First post, and I've made a stupid mistake. Having carefully checked that the polarity of the 12V lead I have that fits my TV is the same as the TV's own lead, I failed to notice the glaring negative symbol on the multimeter and merrily connected the TV but much to my surpise it didn't work. Neither did it work on the 'mains' lead any more. I rechecked the polarity and this time saw the negative symbol! Oops.

My question is this - is the TV terminally dead, or is there a chance that a fuse or other safety protection device has blown inside the TV which can be replaced?

Hopefully
Dave


----------



## Zebedee (Oct 3, 2007)

Hi Dave

I'm not confessing to anything - I hope that's clearly understood!! 8O  

There will almost certainly be a fuse in the set which a competent repair chappie can fix.
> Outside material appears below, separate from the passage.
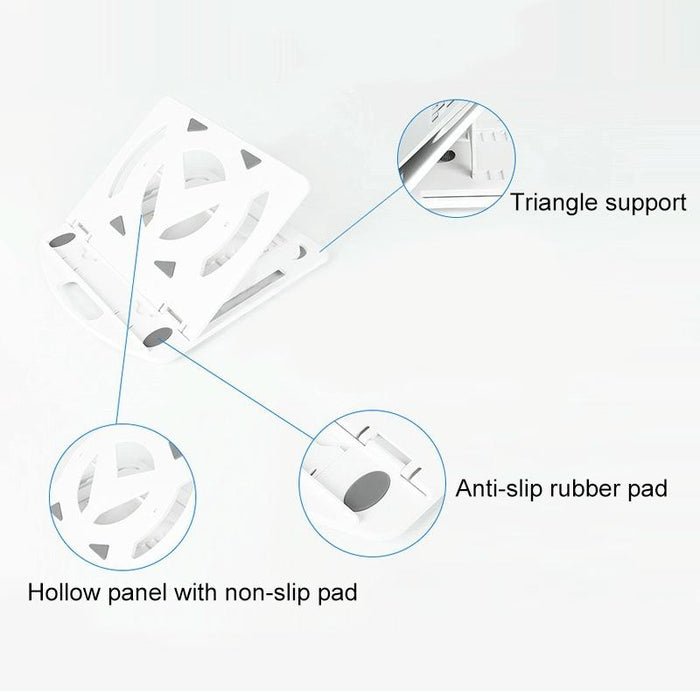 General-purpose Increased Heat Dissipation For Laptops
It's a fiddly job and took the bloke who did my neighbour's daughter's boyfriend's mother's set ( 8O :roll: ) just over an hour.

I think the above-mentioned idiot payed about £30, and that was a callout to my (I mean *her*) house.

Hope this helps

Dave


----------



## Pudsey_Bear (Sep 25, 2008)

Hi Dave welcome to the mad house,

Sorry your first post isn't a good one, and sorry I'm not sure what to suggest.
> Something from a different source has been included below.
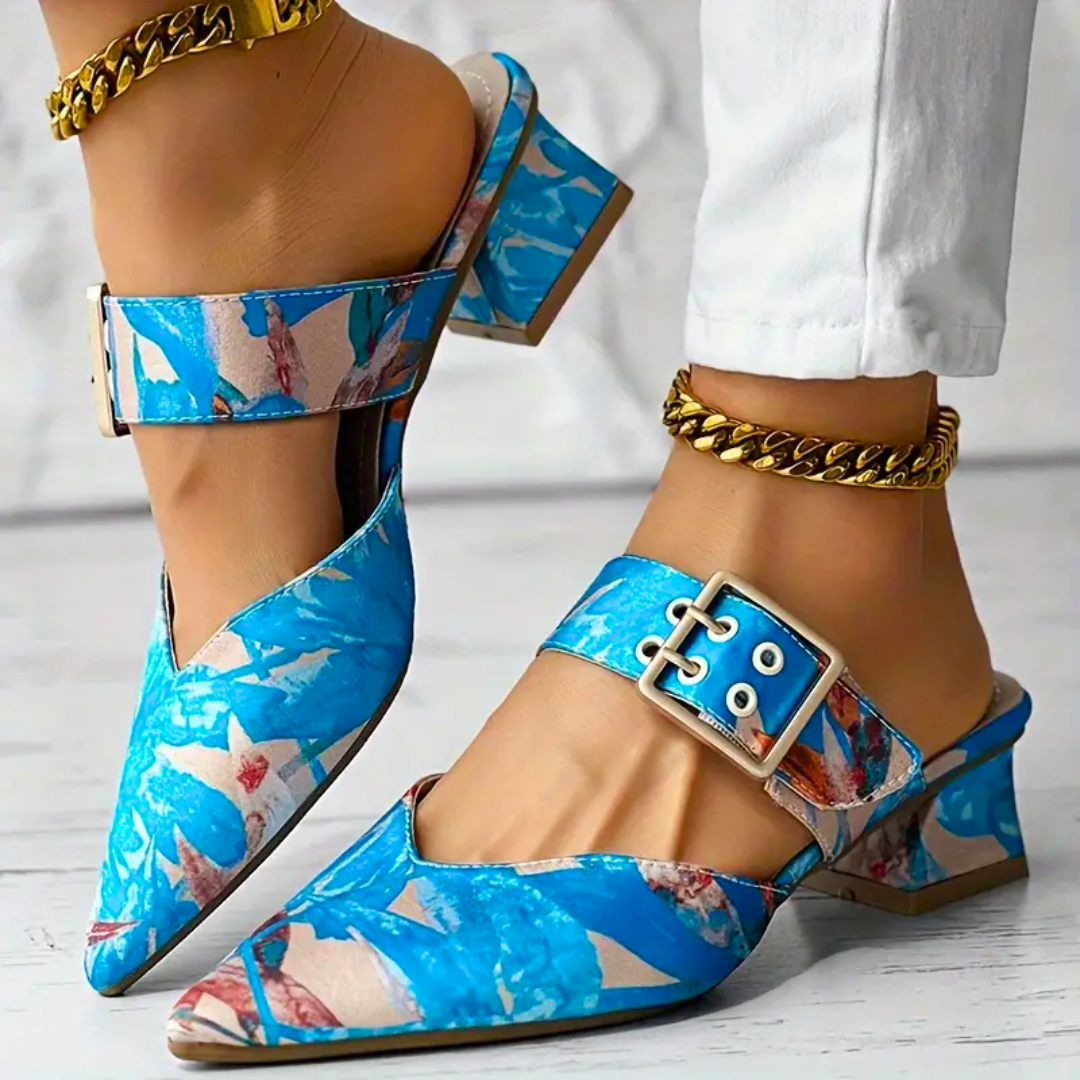 Elle | Timeless coloured stilettos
Make and model of TV might get better info though, as someone might have already done this easily done mistake and already found a cure (hopefully).

Kev.


----------



## Spacerunner (Mar 18, 2006)

Almost certainly a small fuse inside has blown. And as certainly a b***er to find if, like me, you're an electrical virgin!!


----------



## Medallionman (Nov 26, 2005)

I did the same to mine. used the wrong 'power pack' by mistake.
It was a 7" portable I was going to connect to a reversing camera. I took it apart but couldn't find anything 'fried': ended up binnig it.
Cheers,
Brian


----------



## Zebedee (Oct 3, 2007)

Forgot to mention - when the repair bloke fixed mine (I mean hers!! 8O ) the fuse was soldered in, and didn't look anything like a "normal" fuse.

It looked much more like a small resistor - or so I was told!!

_(Still admitting nothing!! 8O   )_

Dave


----------



## GerryD (Sep 20, 2007)

Zebedee said:


> Forgot to mention - when the repair bloke fixed mine (I mean hers!! 8O ) the fuse was soldered in, and didn't look anything like a "normal" fuse.
> 
> It looked much more like a small resistor - or so I was told!!
> 
> ...


It is more likely to be a fusible link, although some do have a small glass fuse on the inverter board, which may be easily visible when the back cover is off.
Gerry


----------



## Didd (Apr 20, 2009)

Thanks for the speedy replies. Unforunately, the person who I would normally ask such questions is the very same person who gave me the TV only yesterday. Looks like I'm going to have to 'fess up.

The make/model if anybody is interested is Alba ALCD15DVD1.

I'll let you know what happens.

Thanks again - at least I now have hope!

Dave


----------